Responding with terror

Published : Jan 23, 2015 12:30 IST

September 11, 2001: The upper floors of the World Trade Centre tower burning after terrorists flew an airliner into it.

September 11, 2001: The upper floors of the World Trade Centre tower burning after terrorists flew an airliner into it.

THE date of September 11 has a powerful resonance in the annals of modern history. Twenty-eight years ago on this date, the Central Intelligence Agency-sponsored coup of General Augusto Pinochet overthrew the democratically elected socialist government of President Salvadore Allende in Chile and established a regime of terror which killed an estimated 35,000 people in the first few weeks and continued to brutalise Chilean society for some two decades. September 11 was also the date of the Camp David Accords which signalled Egypt’s final surrender to American imperialism and Israeli Zionism, leaving the Palestinians at the mercy of the latter. And, September 11 was the day when George H. Bush, father of the current President of the United States, made his fateful speech to Congress announcing the war against Iraq—that supreme act of terror which killed an estimated 200,000 people in the course of that brief assault and which has led to the death of at least half a million Iraqi children over the next decade, thanks to the U.S.-dictated blockade of their country.

Betrayal of the Palestinians, the destruction of Iraq! One can reasonably assume that these two great devastations of the Arabo-Muslim world were vivid in the memory of those 19 hijackers on September 11 this year, when they commandeered four civilian aircraft owned by two major U.S. airlines, and smashed three of them into the World Trade Centre (WTC) and the Pentagon—nerve centres of U.S. financial and military power—while committing collective suicide in the process.

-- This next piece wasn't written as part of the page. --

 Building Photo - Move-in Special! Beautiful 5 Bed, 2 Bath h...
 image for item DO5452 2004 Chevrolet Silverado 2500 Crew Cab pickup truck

The White House was probably to be struck by the fourth aircraft but something in the hijackers’ plan went awry. Over 6,000 innocent civilians from 60 countries—some 500 of them from South Asia alone, including the son of a close friend of this writer—died within a couple of hours in a calculated and hideous act of terrorism carried out with stunning technical precision.

This hijacking operation, carried out by less than two dozen individuals, was the largest attack on mainland United States in its history, larger than Pearl Harbour, while American armies, assassins and covert operators of all kinds have been active around the globe for well over a century.

And, because being at the receiving end of violence on their own soil was such a novel experience for the U.S. centres of power, this attack on a couple of buildings at the heart of the imperial centre produced effects that no amount of terror and destruction in the outposts—or even the secondary and tertiary centres—of the empire could have produced. An economy that was already slowing down went into a full-fledged downturn, and the week following the hijackers’ attack proved to be the worst in the history of U.S. finance since July 1933, with the Dow Jones and the Nasdaq posting two-digit losses virtually every day and liquid assets losing $1.4 trillion of their value over the week. What happened was unspeakably hideous, cruel, senseless. The loss of thousands of precious lives, many of them cut down in the flower of their youth, has neither a moral nor a political justification.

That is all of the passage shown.